Gov. Pat Quinn on Friday vetoed legislation that would have cleared the way for a $3 billion coal gasification plant on Chicago’s Southeast Side on land owned by three Southland men.

The bill would have forced Nicor Gas, which serves suburban customers, and downstate Ameren Corp. to buy synthetic natural gas from Leucadia Corp. for 30 years to help pay for the plant’s construction and operating costs.

The proposed plant was to be built at the site of a former LTV Steel coke plant at 114th Street and Burley Avenue in the city’s East Side community and would use Illinois coal and refinery waste.

Supporters said it would guarantee a market for Illinois coal, create jobs and assure gas supplies. Opponents said it would force utilities to buy natural gas at rates far higher than market price and lead to consumer rate increases.
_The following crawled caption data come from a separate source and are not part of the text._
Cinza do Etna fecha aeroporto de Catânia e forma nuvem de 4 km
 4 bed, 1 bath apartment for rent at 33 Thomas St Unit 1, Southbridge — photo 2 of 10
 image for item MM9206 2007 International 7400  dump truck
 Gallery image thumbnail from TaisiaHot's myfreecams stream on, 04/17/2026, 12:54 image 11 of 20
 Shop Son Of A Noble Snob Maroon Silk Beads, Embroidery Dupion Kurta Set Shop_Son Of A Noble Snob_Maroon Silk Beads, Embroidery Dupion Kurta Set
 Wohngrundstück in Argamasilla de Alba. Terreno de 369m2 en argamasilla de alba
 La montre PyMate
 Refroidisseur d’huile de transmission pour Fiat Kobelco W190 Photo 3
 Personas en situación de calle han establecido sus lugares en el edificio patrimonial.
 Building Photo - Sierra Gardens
David Kolata, executive director of the Citizens Utility Board, praised Quinn’s veto, saying the legislation “would have unfairly dumped the lion’s share of the plant’s cost on consumers in suburban Chicago” as well as natural gas customers downstate.

The Sierra Club, which also opposed Leucadia’s proposal, also praised Quinn.

“We applaud Gov. Quinn for taking action to protect consumers from Leucadia’s rate hike and air pollution,” Jack Darin, director of the Sierra Club’s Illinois chapter, said in a statement.

The 140-acre site that Leucadia had a tentative contract to buy is owned by three Southland men. Orland Park resident Alan Beemsterboer and his cousins — Simon Beemsterboer, of Mokena, and Steve Beemsterboer, of Frankfort — bought the property from LTV in late 2002, and their original plans were to resume making metallurgical coke using a cleaner method.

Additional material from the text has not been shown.